慎重に扉を開けて反対側の廊下へ。特別教室棟へは二階の渡り廊下を使ってからでも行けるが、鍵がないのでまず使用できない。地続きになっている一階を使おう。


『なあ、相談なんだがグループに分かれて探そうじゃないか! 俺が見た感じだと、この町に居る奴らは全員夜に耐性がなくて混乱してる! 俺は一人で歩くのもいいが、隣に人が居れば随分違うだろうと思ってな』

『おう! それいいなあ! じゃあ俺は澪雨と……!』

『え。仁井原さんと……?』

『十人居るから二人一組で丁度か。ああでも、恵太以外の二人は単独行動中だから八人……俺は、恵太と一緒の方がいいな』

『じゃあ私は凛と。ちょっとうざいけど、襲われたりしなさそうだし』

『なーんか複雑~。いいけどねー!』

『誰も誘わないぃぃ……』


 ―――楽しそうだな。


 ペアを話し合う大人数での肝試しはさぞ楽しいだろう。ギャル凛の方は良く分からないが、澪雨は露骨に声の調子が上がって、面白い事も言われてないのに微笑んでいる。大真面目に単独で隠密行動をする俺が馬鹿みたいだ。

 歯軋りも『口なしさん』だと思っていたら恵太だったし、偽物かと思ったらそうでもないようで。本当に良く分からない。ラジカセからは完全に気まぐれで歯軋りが聞こえるわ、俺は猿轡をつけていて馬鹿みたいだ。もしかして昨夜も、あの少女に助けてもらわなかった所でなんともなかったのだろうか。
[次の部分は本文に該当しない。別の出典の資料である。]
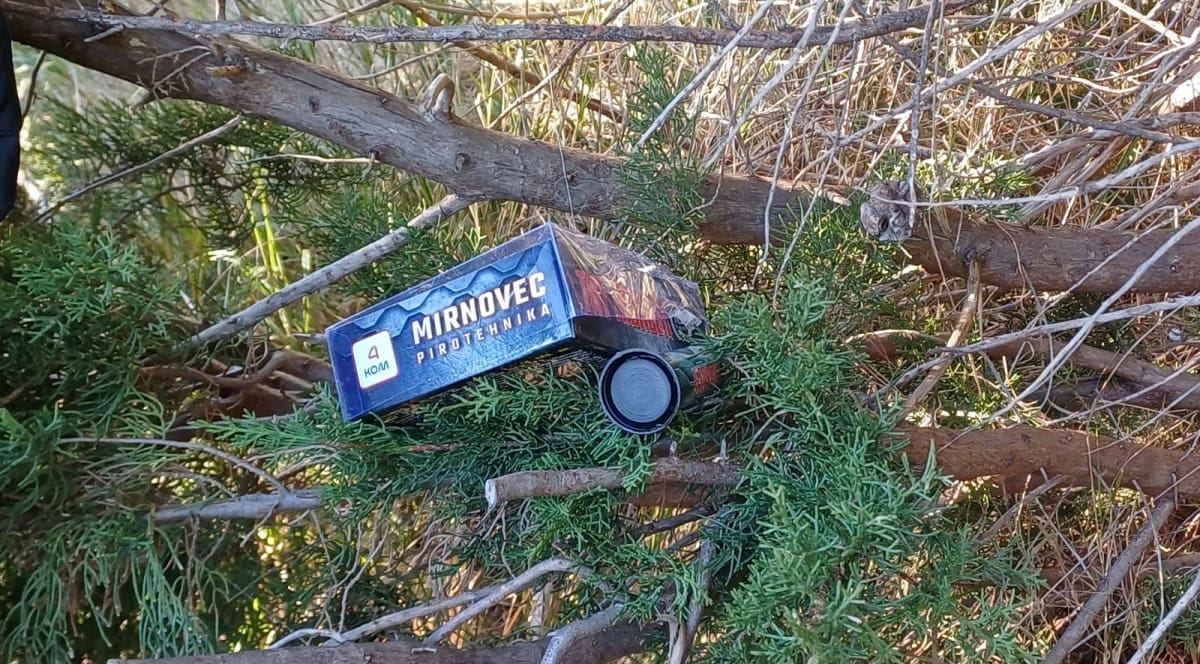 Požar na Marjanu izazvala pirotehnika? Oglasili se iz PŠ-a Marjan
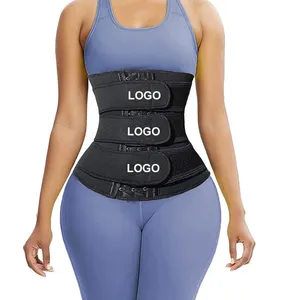 Customization High Quality 3 Belt Waist Trainer Women'S Body Shaper Loss Weight Waist Trainer Corset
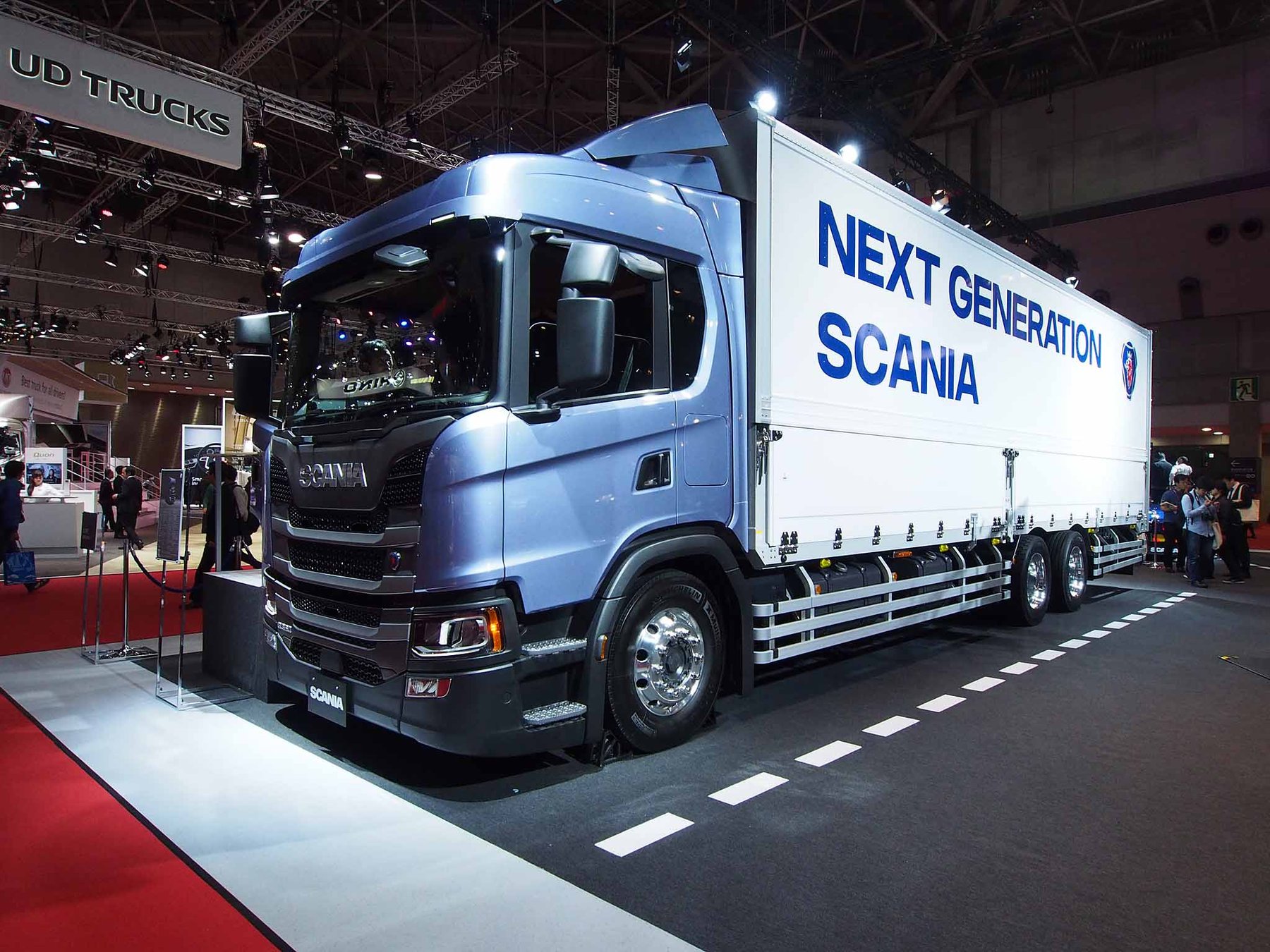Truck Scania G360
 一階の教室では夜に似つかわしくなく雑談に華が咲いている。隠密行動をする必要もなさそうだ。呼吸を半分以上塞いでいる都合で普段よりも体力切れを起こすのが早まっている。呼吸を整えるのが難しい。軽く走るだけでも窒息しそうだったので走っている間は猿轡を外す事にした。

「はあ、はあ、はあ…………」

 トイレの前で堂々と座り込んで休憩。猿轡を噛んでいる内に鞄のラジカセが再び雑音を響かせ始めた。この響く廊下で騒音は良くない。呼吸を整える暇もなく、逃げるように図書室の中へ。入るその時まで全く疑問に思わなかったが、鍵は開いていた。

「…………っ!」

 強烈な臭いに、ガタタっと、壁に背中をぶつけた。まただ。またあの臭い。俺が初めて死体を見た時。違う。第二化学室の扉を開けた瞬間から感じたあれ。


『で、澪雨は何カップなんだ!? なあ!』

『え、えっと。そう、ですね。私は』

『ミオミオ~答えなくていいってー! うーんマジで、本当に答えなくていいよ』

『こいつさっきからサイテーなんだよね』

『どうする! 俺は誰と組んでもいいからなッ』


 ああくそ、今回の変化は気付くべきだった。窓にカーテンが引かれて光を遮っている。教室は電気を点けなければ、全体を見渡せない程暗いが、今こそ懐中電灯の出番か。問題は一階の窓から内側の窓を覗くとここが丸見えという事。怪しまれるリスクの全てを恐れるなら扉を閉めないといけないが、扉を閉めたらこの密室に臭いが充満する。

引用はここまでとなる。